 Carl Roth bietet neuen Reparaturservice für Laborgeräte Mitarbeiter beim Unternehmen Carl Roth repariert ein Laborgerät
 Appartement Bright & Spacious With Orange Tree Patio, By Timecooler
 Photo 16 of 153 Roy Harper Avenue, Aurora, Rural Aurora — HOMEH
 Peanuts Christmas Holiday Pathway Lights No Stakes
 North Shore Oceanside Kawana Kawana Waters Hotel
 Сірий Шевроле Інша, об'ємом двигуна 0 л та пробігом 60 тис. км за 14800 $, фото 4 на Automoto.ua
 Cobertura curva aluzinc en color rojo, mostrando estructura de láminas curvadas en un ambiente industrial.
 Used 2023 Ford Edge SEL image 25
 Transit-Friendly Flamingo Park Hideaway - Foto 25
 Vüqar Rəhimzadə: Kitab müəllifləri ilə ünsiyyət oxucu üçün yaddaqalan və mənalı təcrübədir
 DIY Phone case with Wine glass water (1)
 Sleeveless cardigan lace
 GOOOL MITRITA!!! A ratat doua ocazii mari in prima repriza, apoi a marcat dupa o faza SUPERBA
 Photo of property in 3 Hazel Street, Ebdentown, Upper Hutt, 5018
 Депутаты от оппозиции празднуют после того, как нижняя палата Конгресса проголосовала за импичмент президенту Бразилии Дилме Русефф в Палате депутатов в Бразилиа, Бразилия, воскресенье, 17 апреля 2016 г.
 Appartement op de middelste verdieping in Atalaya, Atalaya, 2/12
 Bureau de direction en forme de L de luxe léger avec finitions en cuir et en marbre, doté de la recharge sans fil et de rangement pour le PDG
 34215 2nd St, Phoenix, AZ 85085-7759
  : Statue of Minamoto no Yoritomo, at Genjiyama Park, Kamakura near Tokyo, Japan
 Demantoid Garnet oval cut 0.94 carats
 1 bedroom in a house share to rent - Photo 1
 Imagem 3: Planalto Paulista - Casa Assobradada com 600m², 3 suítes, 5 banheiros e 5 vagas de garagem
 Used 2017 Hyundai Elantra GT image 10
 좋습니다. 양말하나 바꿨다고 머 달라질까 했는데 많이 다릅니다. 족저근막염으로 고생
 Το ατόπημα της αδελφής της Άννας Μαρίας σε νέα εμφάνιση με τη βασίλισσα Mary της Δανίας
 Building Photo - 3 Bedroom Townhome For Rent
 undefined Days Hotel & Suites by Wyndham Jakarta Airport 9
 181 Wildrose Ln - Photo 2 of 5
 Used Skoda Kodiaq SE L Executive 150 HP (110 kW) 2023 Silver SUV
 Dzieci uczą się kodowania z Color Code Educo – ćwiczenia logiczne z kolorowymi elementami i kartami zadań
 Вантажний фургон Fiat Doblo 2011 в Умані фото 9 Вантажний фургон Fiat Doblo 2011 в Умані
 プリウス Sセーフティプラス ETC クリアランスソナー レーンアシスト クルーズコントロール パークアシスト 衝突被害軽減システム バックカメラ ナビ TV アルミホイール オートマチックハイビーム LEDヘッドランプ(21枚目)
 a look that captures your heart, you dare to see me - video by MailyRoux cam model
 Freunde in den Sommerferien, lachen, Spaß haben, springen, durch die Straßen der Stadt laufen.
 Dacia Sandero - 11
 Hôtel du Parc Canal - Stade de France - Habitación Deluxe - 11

**PROMPT:**
How many lines of the entries above include the word "фото"? Reply with the number alone.

**COMPLETED TASK:**
2